ECLI:NL:HR:2010:BL0078
Hoge Raad
- Cassatie
- C.B. Bavinck
- A.R. Leemreis
- J.A.C.A. Overgaauw
- Rechtspraak.nl
Cassatie over verschoonbaarheid termijnoverschrijding bij indienen hoger beroep in vennootschapsbelastingzaak
In deze zaak gaat het om een cassatieberoep van X B.V. tegen een uitspraak van het Gerechtshof te 's-Hertogenbosch. De zaak betreft een aanslag in de vennootschapsbelasting voor het jaar 2001, waarbij de Inspecteur het bezwaar tegen de aanslag niet-ontvankelijk verklaarde. De Rechtbank te Breda heeft het beroep van belanghebbende gegrond verklaard, de uitspraak op bezwaar vernietigd en de aanslag gehandhaafd. Hierop heeft belanghebbende hoger beroep ingesteld bij het Hof, dat het hoger beroep echter niet-ontvankelijk verklaarde wegens overschrijding van de beroepstermijn. Belanghebbende heeft verzet aangetekend tegen deze uitspraak, maar het Hof heeft het verzet ongegrond verklaard.
De Hoge Raad oordeelt dat het Hof een onjuiste maatstaf heeft aangelegd bij de beoordeling van de termijnoverschrijding. Volgens artikel 6:11 van de Algemene wet bestuursrecht kan een niet-ontvankelijkverklaring achterwege blijven indien de indiener niet in verzuim is geweest.
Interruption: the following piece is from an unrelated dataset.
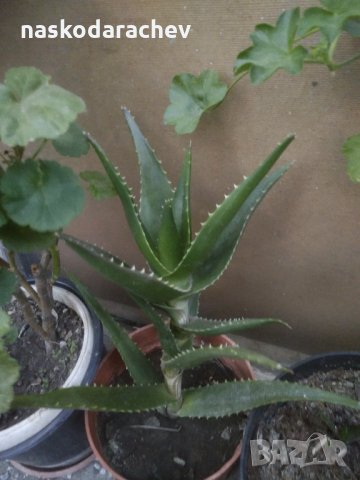 Алое, снимка 4 - Стайни растения - 21740174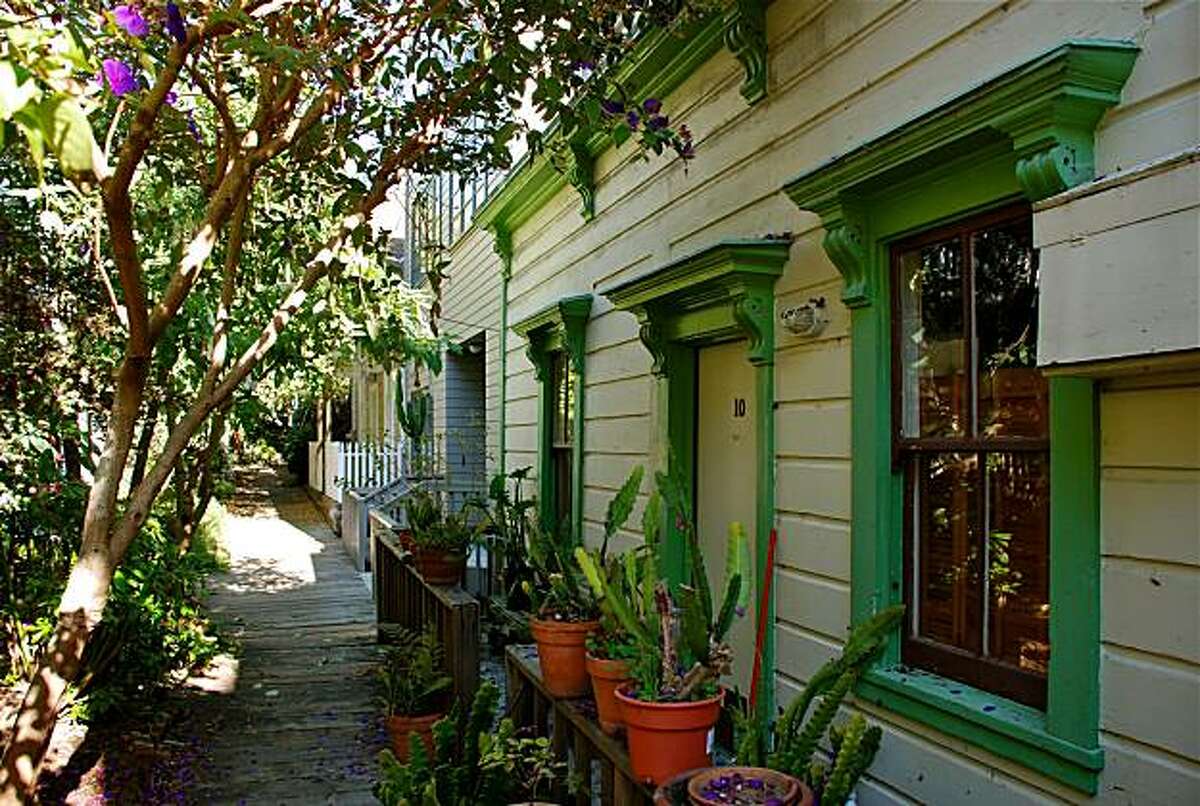 Picturesque Napier Lane, which is located just off the Filbert Steps on Telegraph Hill, is a small walking street that leads to a few mid-1900 homes surrounded by lush gardens and a plank walking path. There are only a dozen or so homes, which add to the quaint feel of the lane.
De Hoge Raad stelt vast dat belanghebbende, zelfs als zij de uitspraak pas op 8 april 2008 heeft ontvangen, nog tijdig een beroepschrift had kunnen indienen. De Hoge Raad verklaart het beroep in cassatie gegrond, vernietigt de uitspraak van het Hof en verwijst de zaak terug naar het Gerechtshof te Arnhem voor verdere behandeling van het verzet.
De Hoge Raad gelast tevens dat de Staat het griffierecht van € 433 aan belanghebbende vergoedt. Dit arrest is gewezen op 22 januari 2010 door de raadsheren C.B. Bavinck, A.R. Leemreis en J.A.C.A. Overgaauw, in tegenwoordigheid van waarnemend griffier E. Cichowski.